Some of the important features are
- Number of pages visited
- new_user
- country
- age
Site is working very well for Germany and not so well for China.
This could be because of various reasons such as poor translation or the chineese site might be in English as well.
The site works well for younger people. Those less than 30 years of age. It could either be because of the nature of the site that caters only to young people or it could be possible that older people find it difficult to navigate through the site for a meaningful conversion.

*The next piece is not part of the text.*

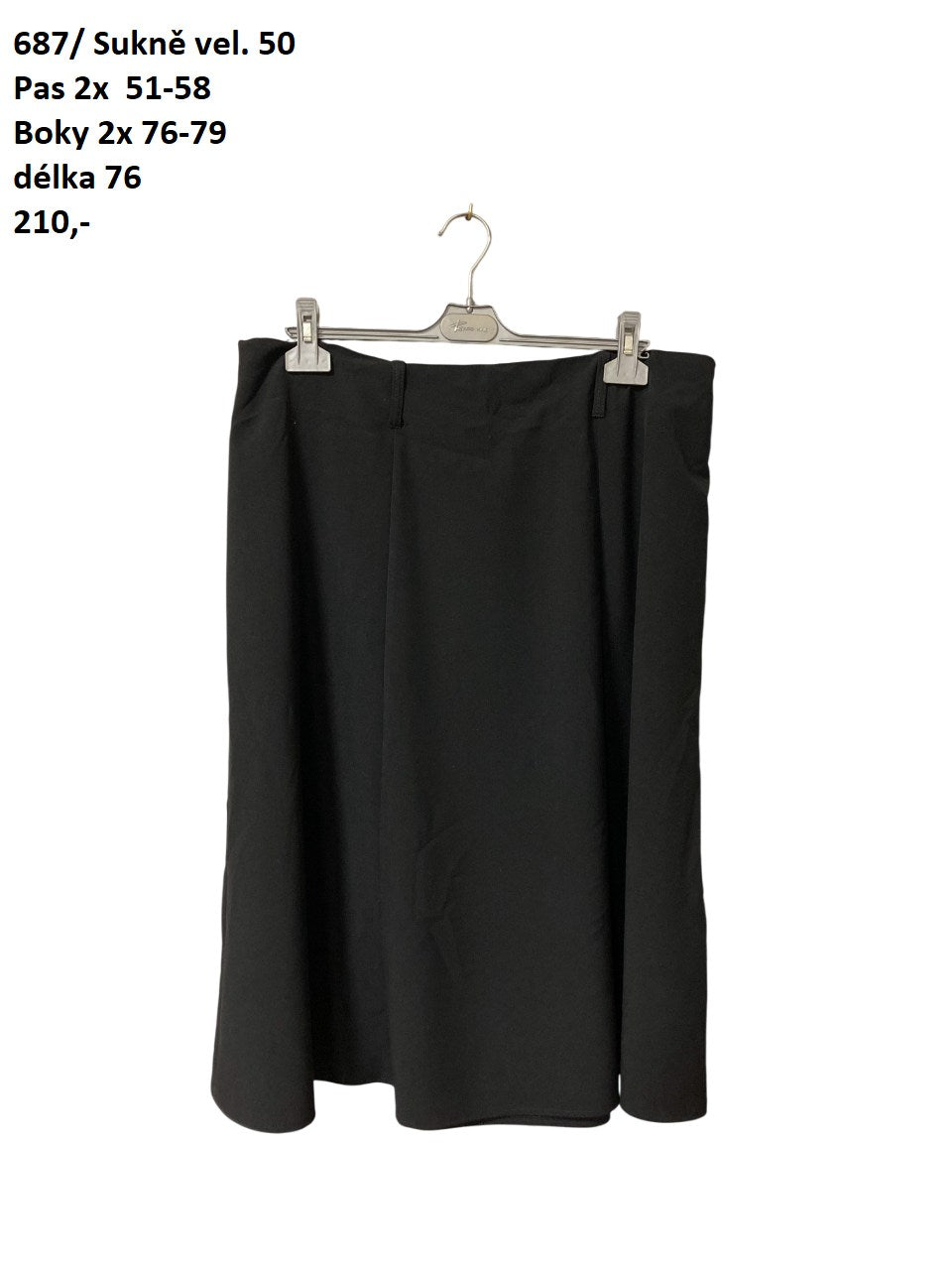 Sukně vel. 50 |second hand|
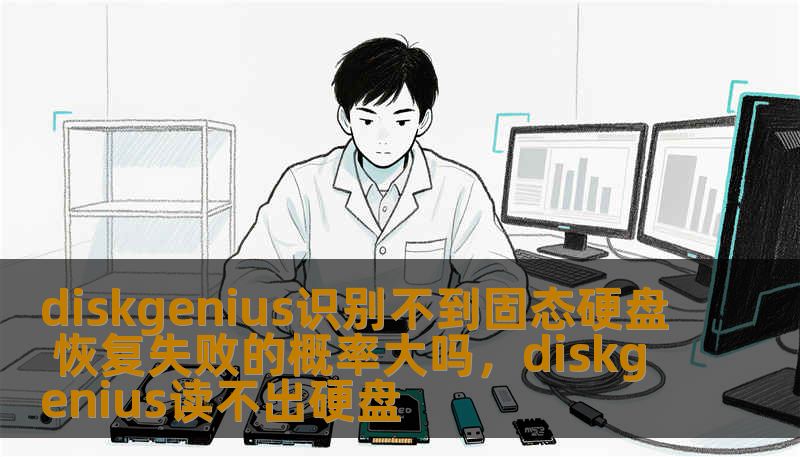 diskgenius识别不到固态硬盘 恢复失败的概率大吗，diskgenius读不出硬盘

Also, since the most important feature here is the number of pages visited, it implies that, if someone who has visited a lot of pages hasn't converted, then there is a good chance that the user will convert with a little bit of marketing such as discounts, benefits etc.
Also, users with an old account tend to do better than the ones with a new account. This could be used by marketing team to it's advantage.